Interesting. A bit of a departure from depictions in earlier editions. Much more nature oriented...seems they're playing up the fey aspect based on the Celtic origins of the race.
I am not the one who needs to read my own posts. I have a rather elaborate explanation of the need of flaws. Have been an advocate of flaws forever. Giant weapons as a racial trait should be accompanied by flaws, but because of the fear of flaws, WOTC 5e doesn't have them. To which I object.
Simple.
OK.I am not the one who needs to read my own posts. I have a rather elaborate explanation of the need of flaws. Have been an advocate of flaws forever. Giant weapons as a racial trait should be accompanied by flaws, but because of the fear of flaws, WOTC 5e doesn't have them.

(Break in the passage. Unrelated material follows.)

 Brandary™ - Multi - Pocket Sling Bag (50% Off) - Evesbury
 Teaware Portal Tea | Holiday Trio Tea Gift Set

To which I object.
Simple.
OK.
Bonus: can use giant sized weapons.
Penalty: vulnerable to piercing, slashing, and bludgeoning damage.
Deal twice as much, take twice as much.
It actually doesn't. I'm trying to show that flaws only create wonky, swingy systems ripe for abuse.If that works for you, great.
For me, I don't think it would work. I know if I saw that, I'd be seeing firbolg barbrians (resistance!) and firbolg fighters (high AC, so you can't hurt what you can't touch) aplenty. Even if the player didn't find a way around the weakness, we'd have firbolgs that are one or two-hit kills for most monsters which means a player spending more time rolling death saves than declaring actions.
It falls into the min/max and paper tiger buckets.
It actually doesn't. I'm trying to show that flaws only create wonky, swingy systems ripe for abuse.